A little complaining and a small dose of whining is fine now and then, but both whining and complaining can quickly turn into excuses for not sucking it up and taking care of business. Probably because I can’t see, one example of whining and complaining that truly annoys me is “I’m blind so I can’t and no one should expect me to.” I suspect the root of this for me is not having much patience for anyone who keeps finding excuses for not taking care of business. (Feel free to substitute any condition or issue that someone uses as an excuse for not digging in and doing whatever he or she needs to do to succeed.)
This blind thing is a lot of things but not all that complicated. First, it’s a condition that ranges from mild to severe, just like most conditions. Wherever we are on that continuum, it’s likely to get worse, at least until our condition is severe. That be as it may, there is not much we can do about it other than to whine. – Never under estimate the real value in whining. Our condition won’t change but whining can help us cope.
Second, blind and blindness are also variables. The condition may be static or getting worse, but how we experience them is far from static. For example, I am on average about 5% blind. Sometimes I am nearly 0% blind and once in a while virtually 100% blind. So, what accounts for the variability? Not the condition for sure. It is what it is and isn’t changing since the lights are permanently off for me.
Here’s the deal. When I am in my house, sitting in my chair, listening to my music on my sound system, I am 0% blind. The condition has no effect and represents no limitation.
Alternatively, a while back, I needed to get my State ID renewed. I got an Uber and headed off to the ID updater. The Uber arrived and I got out, already talking with an Aira agent to help me by video call with getting inside and with finding the ID updater. Still maybe only 20% blind.
But, and there are those buts. Just as soon as I walked inside and had taken less than a dozen steps, the cell signal dropped. At that moment, I was nearly 100% blind. I didn’t even know how to get back outside. I did manage to recover from that very dark place with the help of a passer-by, but for a few minutes, it was pretty grim.

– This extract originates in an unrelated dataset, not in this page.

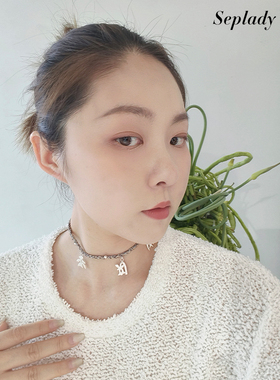 Urpflanze 25新品 小众编织绳choker纯银小挂件设计感手工项链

I could tell you a thousand stories about “Just how blind am I right now,” but I suspect you get the point. Yes, blind is a condition, but more importantly, it’s a variable. What matters most is how blind I am right now. FYI, I am sitting at my desk, typing on my computer using my copy of JAWS and am about 2% blind right now.
Here’s the challenge. Whether blind since birth or new to blindness, and whether the condition is mild or severe, the real issue is not the condition. Rather, the real issue is how effectively we manage blind as a variable.
I of course don’t know what your goals and expectations for you may be but do know that my goal is to do whatever I want to do, when and where I want to do it. My expectation for me is that I will develop and maintain the skills and determination needed to reach my goal. As part of that commitment to me, I will find the technology, services, resources, strategies, and advice that can increase my success. – Yes, it would often be much easier and safer to be content staying in my house, sitting in my chair, listening to my music on my sound system, but that simply doesn’t cut it for me, and I sincerely hope it does not cut it for you.